Internet Democracy Support for West Africa
Oluwakemi Hambolu (Kemi) came to the Hackfest with an interesting project in planning stage. She recognized a need for ensuring secure communications on untrusted hosts and was considering her options. The quick fix solution of using a secure GNU/Linux distribution on a livecd isn't an option for a large population in West Africa where internet cafes and libraries often control internet access using Windows-only tools. Kemi consulted with several developers and decided that virtualizing Tails, a privacy focused GNU/Linux distribution, on a live USB drive was the best approach. Virtualbox was ruled out as it requires administrator access so so Kemi worked on setting up QEMU with a Tails image.
QEMU proved to be too slow and Kemi discussed alternatives with Abel, who suggested the Android SDK emulator. After some difficulty with the speed of the Android SDK ARM emulator, Kemi switched to an x86 image which seemed to run fast enough. As the latest version of Android supports full disk encryption, Kemi attempted to enable dm-crypt using telnet, but was unable to do so. With some possible solutions in hand, her next step is working on reinstalling Eclipse to see if the Android SDK emulator can be run without administrator privileges.
At some point, it might be clear that secure computing on an untrusted PC is impossible without administrator access. Solutions to that problem were explored and Kemi will continue to investigate that route.
Blogging and Documentarians
We had some bloggers and writers record the progress made at Hackfest like Becky Kazansky, who got some great interviews for the Berkman Center podcast and spoke to a lot of participants to get a sense of the problem sets that everyone is working with at the moment. Joly MacFie and David Solomonoff recorded interviews with a lot of projects to put them in context.
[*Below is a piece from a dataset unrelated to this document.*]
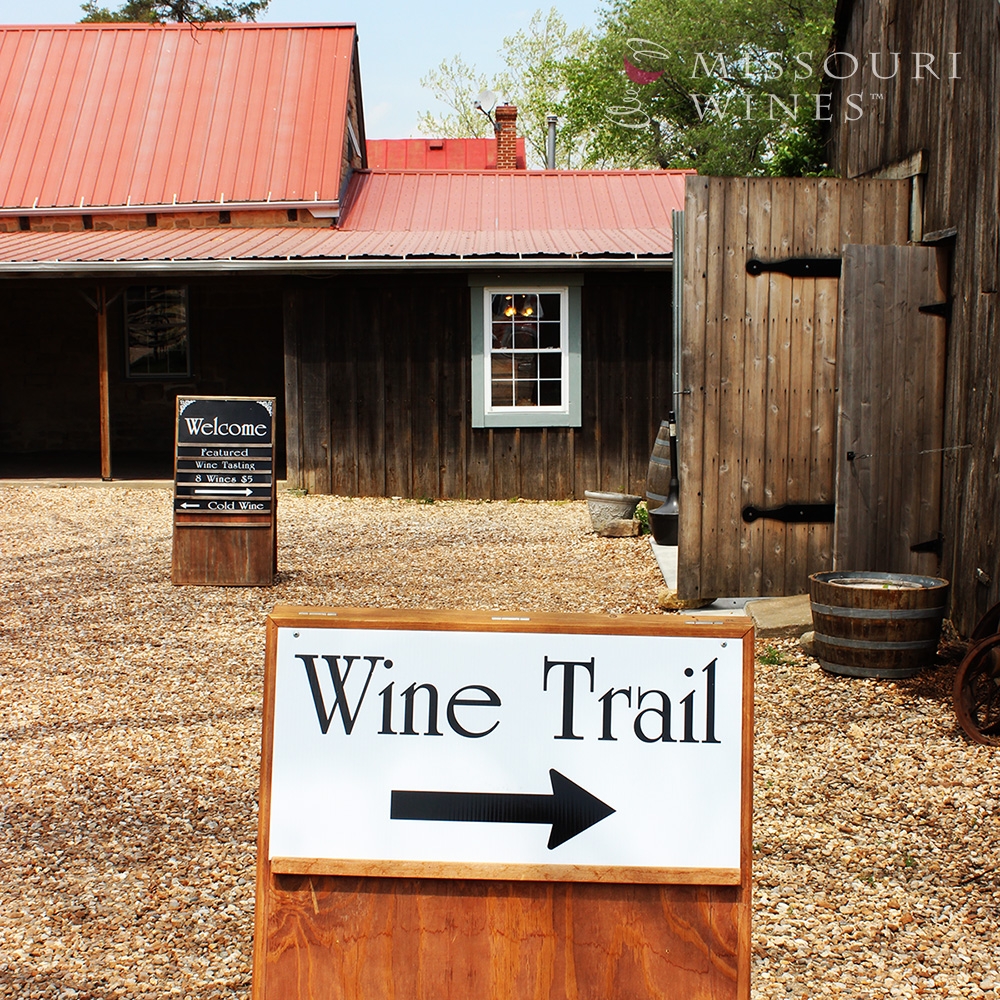 Wine trail sign at a Missouri winery.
Video from those interviews will be available from the ISOC-NY site soon.
Matt Hollingsworth talked to OpenITP about how he and others want to share a common location where we can link to the sites of all the projects. He also distributed code review guidance, including links and methodology used for code review and auditing within Microsoft.
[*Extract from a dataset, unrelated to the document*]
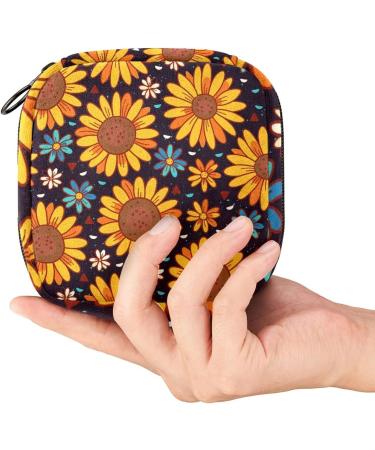 Sunflower Print Sanitary Napkin Storage Bag | Portable Period Kit Pouch for Menstrual Cup & Sanitary Pads | Zippered Menstrual Pad Organizer for Women & Teens - Color 10 - Buy Online on GoSupps.com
Morgan Marquis-Boire and Eva Galperin collaborated on a few blog posts on the Hackathon and pro-Syrian government malware. Morgan is working with August Huber to identify and take down backdoored copies of circumvention software on public hosting sites such as Megaupload and Uploading.com. This project is in the initial phases of development and is currently comparing the MD5 checksums of Tor binaries hosted by various unofficial mirrors.
James Vasile, August Huber, Ella Saitta, Ray Short and Matt Hollingsworth all talked about assembling a peer review board to help the community do code review. Some of them will meet soon to move that forward as best they can.